HR has always been an odd function.
It has never had anything to do with making money. Over a 100 years ago HR was created by company owners to ensure their company complied with applicable laws. That’s it.
(The fact that the interest of company owners and that of employees have become mutually exclusive is significant. It is just as significant that “employers” consist of employees, including HR, acting against their own interests, in a schizophrenic modus operandi – with the obvious exceptions of small family businesses.)
For a long time, it didn’t try to be more than what it was: a bureaucratic function focused on compliance. Alas, like all functions, it “evolved” due to a push by daydreaming academics who made careers coming up with ideas about what it could be. Their effort was received with enthusiasm by ambitious career bureaucrats and together they turned HR into an undeniable monster which is perceived by everybody as an internal secret service: empowered servilism – despite all the rhetoric to the contrary.
The problem, of course, always lies outside the domain that manifests it. Prior to personnel departments, there existed bureaucratic structures in various government organizations, although these were fundamentally different from what we mean by bureaucracy today. These early bureaucracies manifested values far greater than the practical, pragmatic considerations absolutely necessary for the survival of the organization itself. To use a simple example: no bureaucracy could desacralize the value of one’s word back then; besides honoring agreements even without contracts (and the corresponding legal apparatus), this determined a respectful conduct in everyday interactions unimaginable today. Once ambition turned against values, a repulsive hubris developed, turning the natural order of things upside down, elevating the pragmatic above the ideal. It is not surprising that in such a subnatural environment ill will is, in fact, valued and any manifestation of actual value is ridiculed.

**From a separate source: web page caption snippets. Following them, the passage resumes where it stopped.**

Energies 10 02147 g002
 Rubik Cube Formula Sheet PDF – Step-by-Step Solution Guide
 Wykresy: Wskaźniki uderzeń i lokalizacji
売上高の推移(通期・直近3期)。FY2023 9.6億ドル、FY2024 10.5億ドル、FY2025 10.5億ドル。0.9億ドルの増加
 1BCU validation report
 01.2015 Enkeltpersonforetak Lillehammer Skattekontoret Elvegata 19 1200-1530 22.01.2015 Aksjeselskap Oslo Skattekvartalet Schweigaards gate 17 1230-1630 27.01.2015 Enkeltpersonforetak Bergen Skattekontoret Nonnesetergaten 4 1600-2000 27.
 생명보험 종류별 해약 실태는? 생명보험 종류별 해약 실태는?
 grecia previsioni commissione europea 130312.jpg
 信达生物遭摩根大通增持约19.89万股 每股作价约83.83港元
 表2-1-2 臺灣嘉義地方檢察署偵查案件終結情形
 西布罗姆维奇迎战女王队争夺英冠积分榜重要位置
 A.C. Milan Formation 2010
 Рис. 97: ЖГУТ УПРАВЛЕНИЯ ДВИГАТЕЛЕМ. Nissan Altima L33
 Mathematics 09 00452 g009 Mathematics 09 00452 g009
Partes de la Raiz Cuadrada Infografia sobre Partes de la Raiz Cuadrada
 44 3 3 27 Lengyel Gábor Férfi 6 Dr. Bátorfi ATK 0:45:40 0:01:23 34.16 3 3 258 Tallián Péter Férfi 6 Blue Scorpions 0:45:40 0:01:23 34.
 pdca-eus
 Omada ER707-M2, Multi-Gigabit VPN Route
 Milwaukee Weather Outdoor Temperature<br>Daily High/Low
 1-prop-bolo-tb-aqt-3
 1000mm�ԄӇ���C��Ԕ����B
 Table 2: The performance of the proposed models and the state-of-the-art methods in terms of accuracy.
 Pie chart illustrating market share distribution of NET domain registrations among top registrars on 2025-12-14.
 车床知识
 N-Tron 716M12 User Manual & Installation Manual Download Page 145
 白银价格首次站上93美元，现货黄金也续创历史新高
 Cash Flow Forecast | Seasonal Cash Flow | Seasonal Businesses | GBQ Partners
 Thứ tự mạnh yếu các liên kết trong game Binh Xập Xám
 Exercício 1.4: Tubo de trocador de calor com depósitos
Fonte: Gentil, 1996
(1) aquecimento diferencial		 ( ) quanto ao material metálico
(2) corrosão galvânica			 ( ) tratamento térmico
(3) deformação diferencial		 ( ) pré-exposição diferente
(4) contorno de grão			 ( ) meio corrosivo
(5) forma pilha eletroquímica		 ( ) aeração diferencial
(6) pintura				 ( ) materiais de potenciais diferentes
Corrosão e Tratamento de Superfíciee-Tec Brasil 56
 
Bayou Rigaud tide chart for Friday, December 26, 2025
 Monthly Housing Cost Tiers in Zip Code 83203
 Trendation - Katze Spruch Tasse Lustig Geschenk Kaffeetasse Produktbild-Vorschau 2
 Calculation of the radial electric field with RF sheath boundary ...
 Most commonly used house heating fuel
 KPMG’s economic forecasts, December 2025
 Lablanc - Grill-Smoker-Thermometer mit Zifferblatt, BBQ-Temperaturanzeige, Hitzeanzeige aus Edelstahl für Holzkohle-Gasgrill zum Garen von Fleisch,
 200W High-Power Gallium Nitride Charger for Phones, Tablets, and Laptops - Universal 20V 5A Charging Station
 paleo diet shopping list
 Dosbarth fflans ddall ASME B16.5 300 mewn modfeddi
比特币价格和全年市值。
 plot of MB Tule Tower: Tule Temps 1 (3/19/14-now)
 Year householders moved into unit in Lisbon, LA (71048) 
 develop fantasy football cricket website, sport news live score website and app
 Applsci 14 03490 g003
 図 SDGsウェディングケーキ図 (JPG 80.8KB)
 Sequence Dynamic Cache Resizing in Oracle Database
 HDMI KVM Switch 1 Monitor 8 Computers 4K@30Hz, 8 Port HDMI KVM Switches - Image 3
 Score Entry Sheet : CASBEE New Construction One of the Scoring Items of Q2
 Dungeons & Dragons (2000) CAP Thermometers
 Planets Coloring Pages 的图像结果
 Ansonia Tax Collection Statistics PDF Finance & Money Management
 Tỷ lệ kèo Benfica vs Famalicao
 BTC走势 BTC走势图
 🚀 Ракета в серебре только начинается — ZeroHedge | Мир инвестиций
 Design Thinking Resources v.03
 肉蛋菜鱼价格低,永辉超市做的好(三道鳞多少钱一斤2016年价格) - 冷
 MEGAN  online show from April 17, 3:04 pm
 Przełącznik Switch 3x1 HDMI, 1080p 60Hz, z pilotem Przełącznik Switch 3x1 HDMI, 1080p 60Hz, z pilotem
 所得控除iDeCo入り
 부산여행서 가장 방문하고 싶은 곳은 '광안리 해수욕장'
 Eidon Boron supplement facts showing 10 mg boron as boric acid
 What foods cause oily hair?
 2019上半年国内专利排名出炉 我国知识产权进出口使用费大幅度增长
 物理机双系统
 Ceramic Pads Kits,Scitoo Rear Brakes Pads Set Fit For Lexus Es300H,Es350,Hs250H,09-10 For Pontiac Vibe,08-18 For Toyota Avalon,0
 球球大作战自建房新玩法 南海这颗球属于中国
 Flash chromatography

Whole organizations have turned into absurd, cynical and value-signaling bureaucracies where nobody’s allowed to live their values, while everybody’s forced to talking about them; where statements and intentions clearly contradict each other; where a somber, Kafkaesque culture rules pervasively.
HR’s problems is not that it has no seat at the boardroom, or that it has no credibility from a business point of view. The situation is quite the opposite: the organization’s problem is that, as a whole, it has become the worst version of HR imaginable.